Maurice ha creato il suo ufficio privato istallando un chiavistello e un lucchetto sulla porta di un armadietto delle scope sotto le scale. Hendryk scrolla la serratura. «Dio sa che cosa tiene lì dentro. Non ha mai lasciato entrare nessuno e custodiva sempre la chiave. Hai visto qualche chiave quando...»

«Quando gli ho frugato le tasche? L’ultima volta che ho visto Maurice non aveva delle tasche, e tanto meno delle chiavi. Forse le ha chiuse in quella cassaforte. Okay, scassiniamo la serratura. Tu sai come scassinare una serratura?»

«No. Chiederemo al barman di farlo. L’ho pescato in una ONG che educa i bambini di strada, era un delinquente minorenne, sa tutto sullo scasso di serrature.»

Hendryk dà una voce ed entra il barman educato, asciugandosi le mani bagnate con uno strofinaccio. Hendryk spiega la situazione.

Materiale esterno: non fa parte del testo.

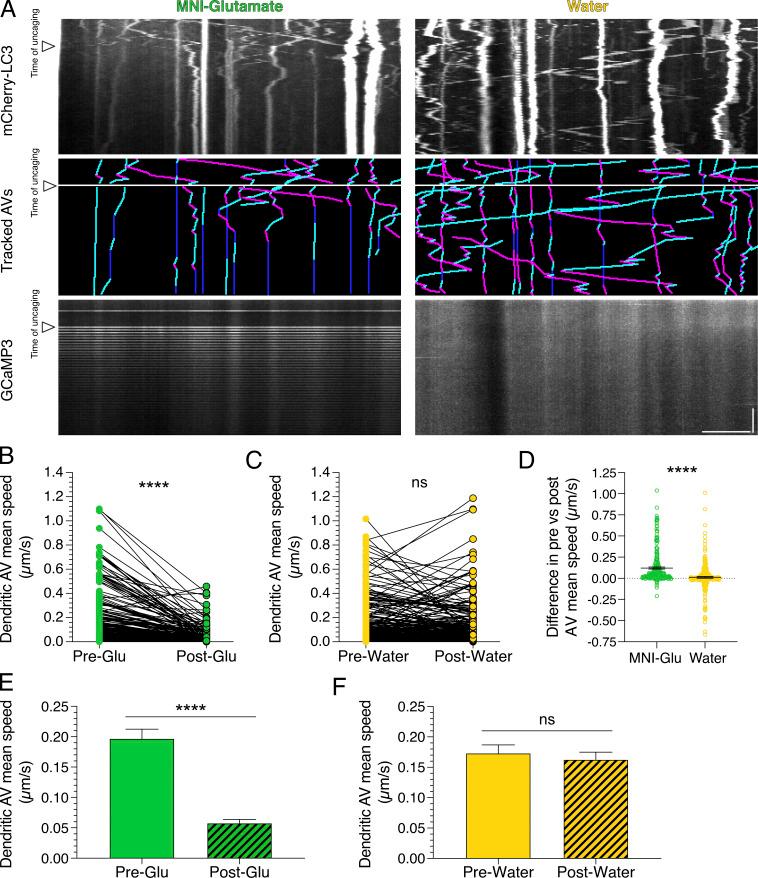 https://cdn.ncbi.nlm.nih.gov/pmc/blobs/246b/8020715/f029f2cc6cf7/JCB_202002084_Fig6.jpg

«Vuole questa porta aperta?» domanda il barman. «Quando?»

«Ora andrebbe bene.»

Il barman si avvicina al muro opposto, si gira, ruota su se stesso e assesta un calcio di kung fu allo stipite della porta. Si sente uno schianto, e la porta pencola contro il muro. Il barman lancia uno sguardo professionale al suo lavoro, annuisce verso di me e Hendryk, quindi se ne torna dietro il bancone, zoppicando leggermente. Per una frazione di secondo valuto se chiedere a questo ragazzo di venire al Civilisation e dare un’occhiata per me alla cassaforte.

Una pallida luce azzurrina proviene dall’interno del buco di Maurice.

Infilo la testa oltre il telaio della porta. Da dove arriva quella luce? Poi: «Merda!».